Quando o espírito, a inteligência e o pneuma ficam prostrados diante de Deus, o primeiro pela atenção (epimeleia), a segunda pela invocação, o terceiro pela compunção (katanyxis) e pelo amor, o homem interior, todo, serve ao Senhor conforme o mandamento desse mesmo Senhor: “Amarás o Senhor teu Deus de todo o teu coração (kardia)…” ( Lc 10,27 ).
Gostaria que soubésseis também isto, para que não vos arrisqueis a vos afastardes da oração (euche) e, imaginando orar, “correrdes em vão” ( Gl 2,2 ).
Muitas vezes, na salmodia vocal, é possível que a língua recite os versículos, enquanto o espírito se deixa levar para outros lugares e se dispersa entre as paixões e os objetos; assim, a significação da salmodia estará perdida. É o que se passa também quanto à inteligência. Muitas vezes enquanto ela passa pelas palavras da oração (euche), o espírito não anda junto, não fixa o olhar em Deus, o interlocutor do diálogo da oração (euche). Desatento, ele se deixa desviar por certos pensamentos. A inteligência pronuncia as palavras por rotina; o espírito deixa escapar o conhecimento de Deus. A alma (psyche) fica confusa e fria, porque o espírito se dispersa entre imagens e vaga à mercê das coisas que o surpreenderam ou que ele procurou.
Se falta ciência à oração (euche), se quem ora não está presente naquele que pode consolar, como poderia a alma (psyche) sentir alívio? Como poderia rejubilar-se o coração (kardia) que aparentemente estivesse orando, mas não empregasse a verdadeira oração (euche)? “Alegre-se o coração (kardia) dos que buscam o Senhor” ( Sl 105, 3 ). Ora, busca o Senhor aquele que, com inteligência total e afeição calorosa, prostra-se diante de Deus, afasta todo pensamento mundano através da ciência e do amor de Deus, que surgem da oração (euche) regular e pura.
Para maior clareza, vou propor uma dupla imagem: dos olhos, quanto à contemplação (theoria) da lembrança de Deus no espírito; da língua, quanto à dignidade e à função da inteligência na oração (euche) pura.
A pupila é para os olhos, a emissão da palavra é para a língua, o qüe a lembrança e a oração (euche), respectivamente, são para o espírito e para a inteligência.
Os olhos desfrutam a sensação visual do objeto visível, sem a mediação de palavras; percebem, na própria experiência visual, o conhecimento do objeto visto. Assim, o espírito que se aproxima de Deus amorosamente por meio da lembrança, unindo um sentimento ardente ao silêncio da intelecção simples ao extremo, é iluminado pela irradiação divina e atinge a garantia do esplendor futuro.

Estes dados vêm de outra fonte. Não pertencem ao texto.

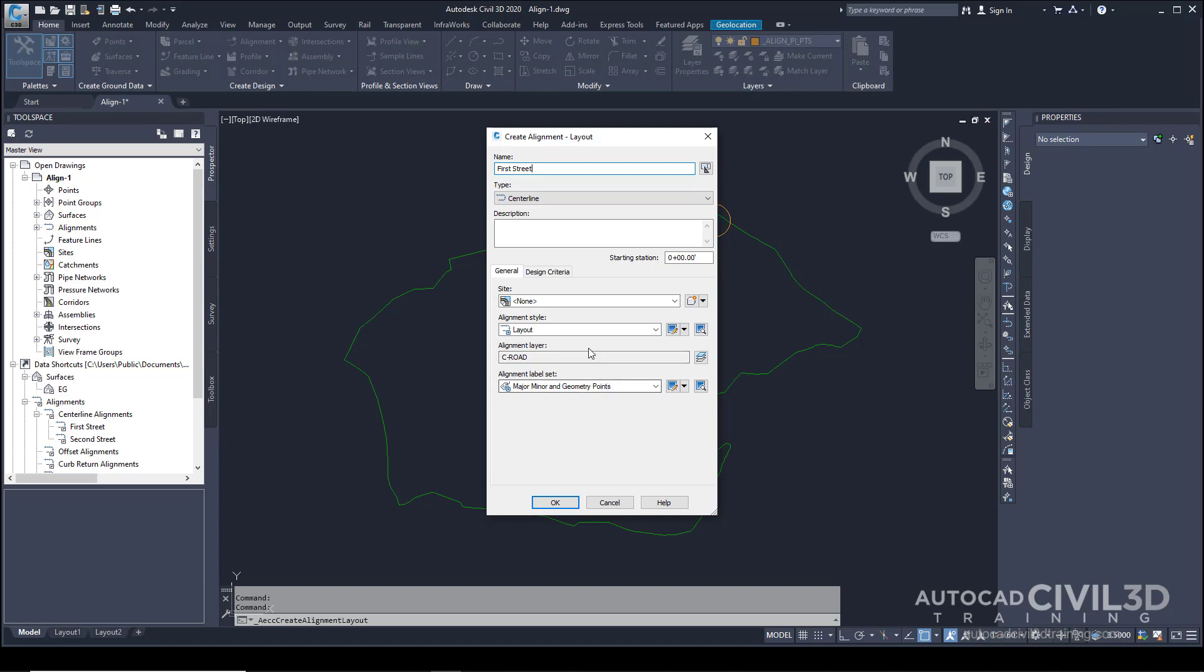Note that setting the site to None prevents the alignment from interacting with other objects in the drawing. The None selection is helpful when you don't want parcels to be created when either intersecting alignments form closed regions or the alignment crosses an existing parcel.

A língua, por sua vez, ao emitir as palavras, manifesta ao ouvinte a intenção secreta do espírito. De modo semelhante, a inteligência, ao proferir com assiduidade e ferver as breves palavras da oração (euche) ( lit.: as palavras de algumas sílabas ), manifesta, ao Deus que tudo sabe, o pedido da alma (psyche), através da perseverança na oração (euche) e do coração (kardia) insistentemente contrito; a contrição abre as entranhas afetuosas do Misericordioso e recebe a abundância da salvação. O profeta disse: “Deus, tu não desprezas o coração (kardia) contrito e humilhado” ( Sl 51,19 ).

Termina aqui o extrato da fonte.